Le mécontentement des infirmières persiste aussi au Maroc

Les grèves et manifestations se succèdent depuis cinq mois dans les grandes villes du royaume pour réclamer notamment la création d'un Ordre des infirmiers, et plus globalement une meilleure considération de la profession.

Le mécontentement des infirmières persiste - aussi - au Maroc

Hamid Massou, porte-parole du « Conseil national du mouvement des infirmiers et techniciens de santé ». © DR

Le 1er et le 12 mai resteront cette année comme des dates importantes pour les infirmières marocaines. Car la « Fête du Travail » et la « Journée internationale des Infirmières » sont les deux grandes dates de mobilisation des professionnels ce mois-ci, avec notamment une conférence de presse organisée à Rabat le 12 mai pour sensibiliser les médias sur un mouvement de protestation qui dure déjà depuis près de six mois.

C’est l’inculpation de deux soignantes pour « homicide par négligence », suite au décès d’un nourrisson le 17 décembre 2018 à la maternité des Orangers de la capitale marocaine, qui a allumé la colère d'une corporation se sentant pour le moins mal-aimée. Depuis, les manifestations se succèdent dans les principales villes du pays pour réclamer davantage de reconnaissance.

Loin de s’essouffler, mouvement coordonné par le « Conseil national du mouvement des infirmiers et techniciens de santé » multiplie les actions, avec notamment trois grèves nationales au cours des deux derniers mois, dont une de 48 heures les 16 et 17 avril dernier (à l'exception évidemment des services d'urgence et de réanimation).

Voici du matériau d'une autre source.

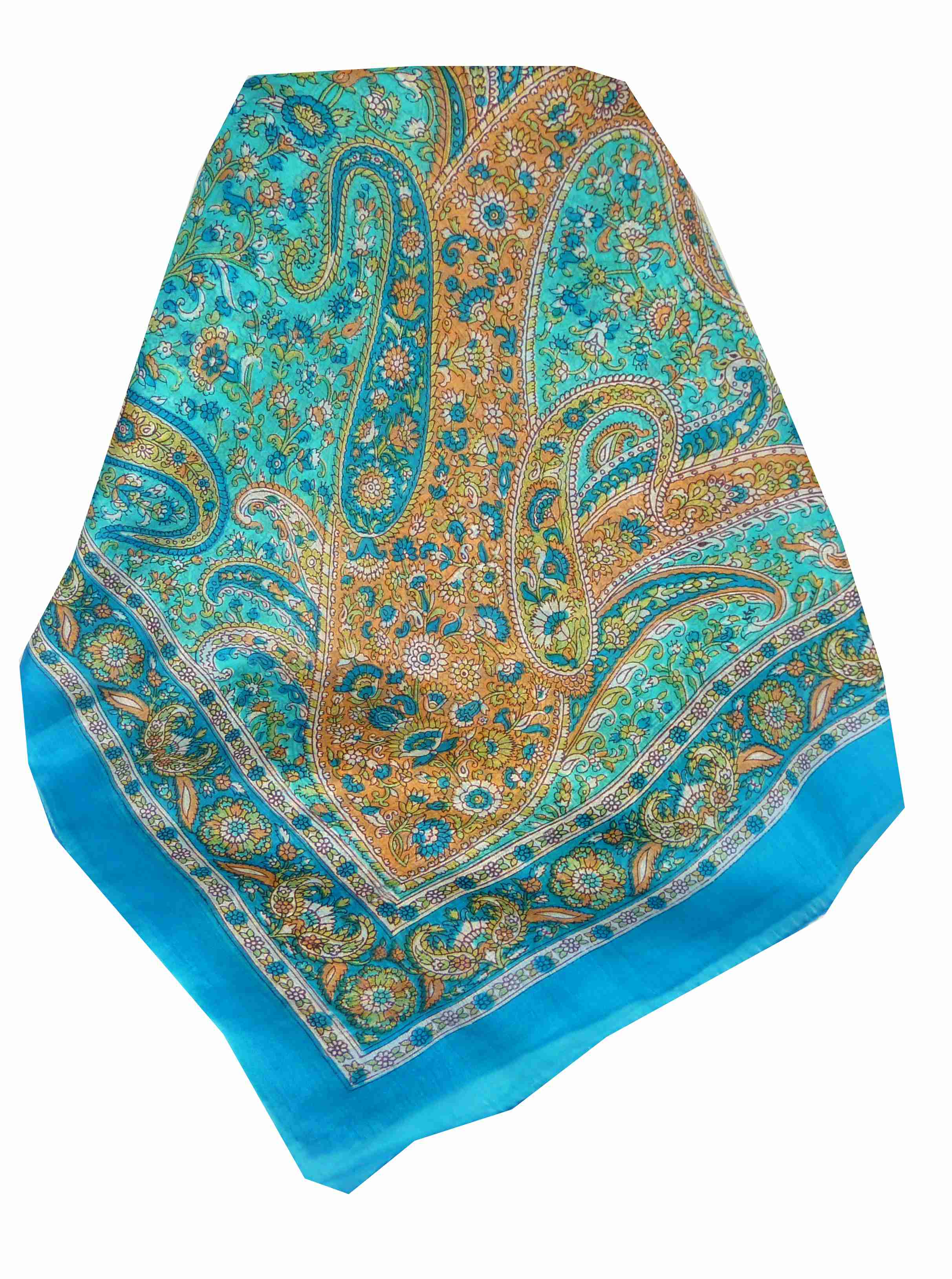 Tradizionale Sciarpa Quadrata di Seta Vishwa Aquamarine di Pashmina & Silk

Le ministère de la Santé a mis en place des discussions sectorielles pour écouter l'ensemble des acteurs du personnel soignant des hôpitaux publics, mais les aspirations des infirmières restent toujours sans réponse.

Équité des primes de risque

« Nous n'avons eu aucune proposition sur les six grandes revendications que nous avons posé sur la table », confirme Hamid Massou au nom du « Conseil national des Infirmiers ». Ce Conseil demande d'abord une équité des primes de risque entre  médecins et infirmiers. Ces derniers touchent une prime -invariable jusqu'à leur retraite- de 1400 dirhams marocains (130 €) alors que les médecins perçoivent d'entrée 2.800 dirhams (258 €), puis 5.900 dirhams (545 €) au bout de deux ans.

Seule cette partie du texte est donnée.